SATs are not pass or fail. Every child in England moves to secondary school regardless of their SATs result. The tests help secondary schools understand your child’s starting point — they do not determine which secondary school your child attends, and a child cannot “fail” them.
2026 SATs Dates
KS2 SATs 2026 take place over four days in the second week of May:
| Day | Tests |
|---|---|
| Monday 11 May | English GPS Papers 1 & 2 (Grammar, Punctuation & Spelling) |
| Tuesday 12 May | English Reading Paper |
| Wednesday 13 May | Mathematics Papers 1 (Arithmetic) & 2 (Reasoning) |
| Thursday 14 May | Mathematics Paper 3 (Reasoning) |
All tests are sat in school during normal school hours. Results are shared with parents in early July, before the end of the summer term.
What Each Paper Tests
English GPS (Grammar, Punctuation & Spelling)
Two papers on Monday morning. Paper 1 tests grammar and punctuation: identifying parts of speech, correct punctuation, clauses, sentence structure. 50 marks, 45 minutes. Paper 2 is a spelling test: 20 words read aloud by the teacher, one mark each. Combined total: 70 marks.
English Reading
One paper, three texts (typically fiction, non-fiction and poetry). Questions test reading comprehension: inference, deduction, vocabulary in context and language analysis. 50 marks, 60 minutes.
Mathematics
Three papers across two days. Paper 1 is arithmetic: pure calculation without reasoning context. Papers 2 and 3 are reasoning: applying maths to word problems, graphs and real-world contexts. Combined total: 110 marks.
What the Scores Mean
Raw marks are converted to scaled scores so that comparisons can be made between years despite variations in paper difficulty. Here’s what each score range means:
- 100+: Working at the expected standard — your child is on track
- 110+: Working at greater depth — above the expected standard
- Below 100: May need some additional support as they move into Year 7
As a reference point, in 2025 approximately 58 marks (out of 110) in maths was needed to reach a scaled score of 100. This will vary in 2026 based on paper difficulty.

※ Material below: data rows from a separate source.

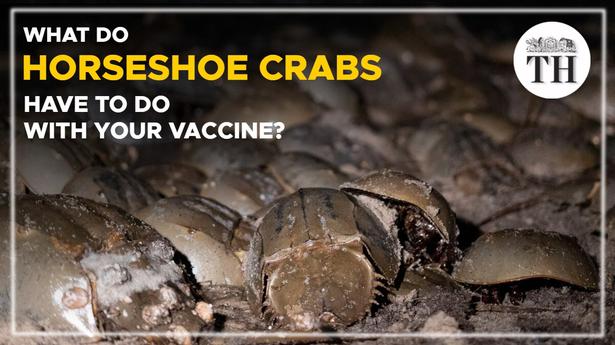Watch | What do horseshoe crabs have to do with your vaccine?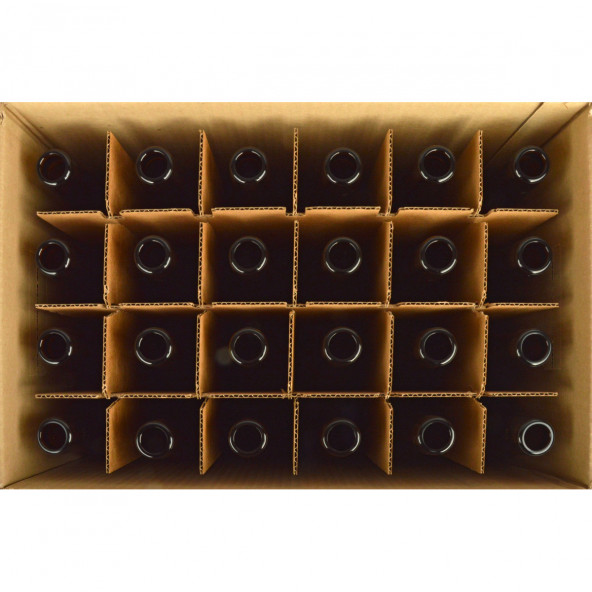 Bierflasche Vichy 33 cl, braun, 26 mm, Karton 24 St. 1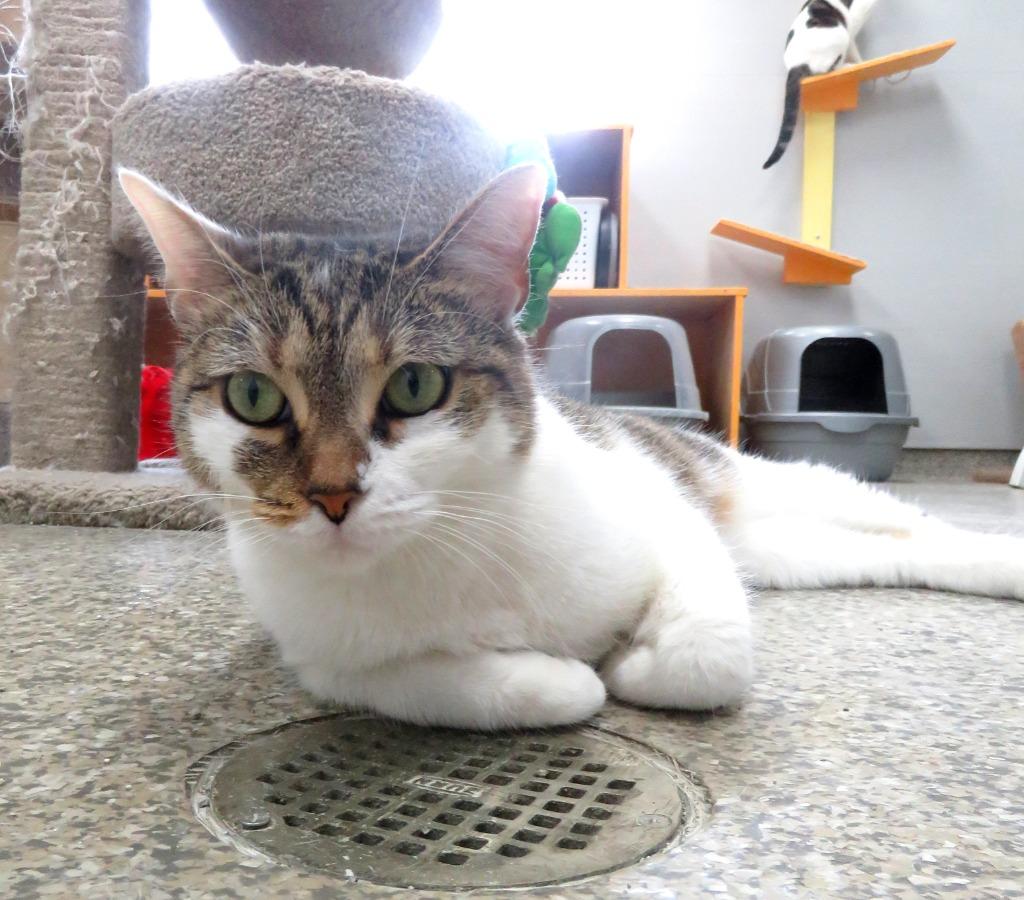 Enlarge Palladium, a Adoptable American Shorthair in Van Wert, OH image 2/2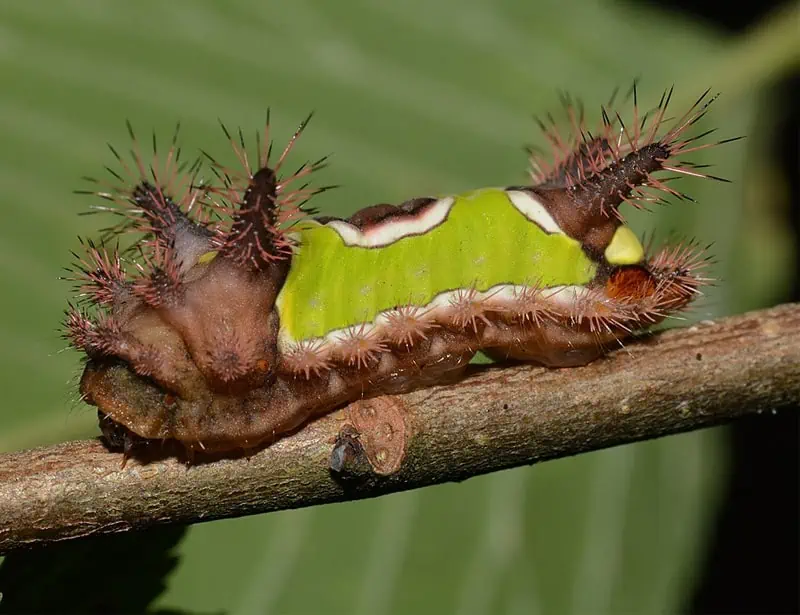 Saddleback Caterpillar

The Common Mistakes in Preparation
The biggest preparation mistakes parents make: starting too late (January of Year 6 gives 4 months; starting gently in Year 5 autumn gives 6–9 months); two-hour weekend sessions instead of 15 minutes daily; focusing only on maths while GPS and reading account for more than half the total marks; and — most importantly — transmitting anxiety. Children absorb parental stress. Keep your language calm and proportionate.

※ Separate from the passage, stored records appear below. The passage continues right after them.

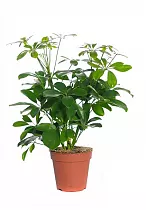 Шеффлера Компакта - Schefflera Compacta D17 H50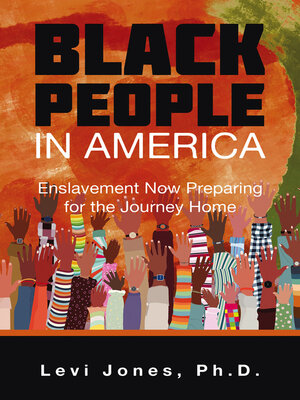 cover image of BLACK PEOPLE IN AMERICA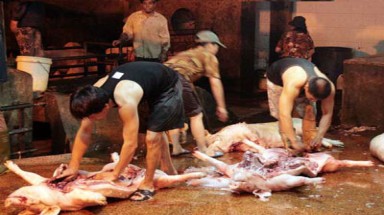   Bao giờ Cao Bằng có lò mổ tập trung? 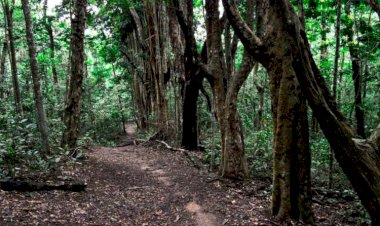 Terceira edição do evento UFV na trilha acontece neste domingo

The Most Effective Preparation
Based on what the papers actually test, the highest-value preparation activities are:
For Maths
- Daily arithmetic practice — the arithmetic paper rewards procedural fluency that comes from regular short practice
- Times tables to automaticity — underlies much of the reasoning paper
- Fractions, decimals and percentages — consistently the most common weak spots
For English Reading
- Read widely and regularly — comprehension and vocabulary are built over months, not days
- Practise inference: “how do you know?” “what does the author suggest?”
For GPS
- Year 5–6 statutory spelling word list — practise these regularly
- Grammar terminology — active/passive voice, relative clauses, subjunctive (these are the Year 6-specific items most children find hardest)
SATs do not apply in Wales. Welsh children complete personalised online assessments in reading and numeracy as part of the Curriculum for Wales — these are teacher-administered and far less formal than SATs. If your child is in Wales, this post is primarily for reference. The curriculum content is similar but there is no Year 6 test week and no scaled scores.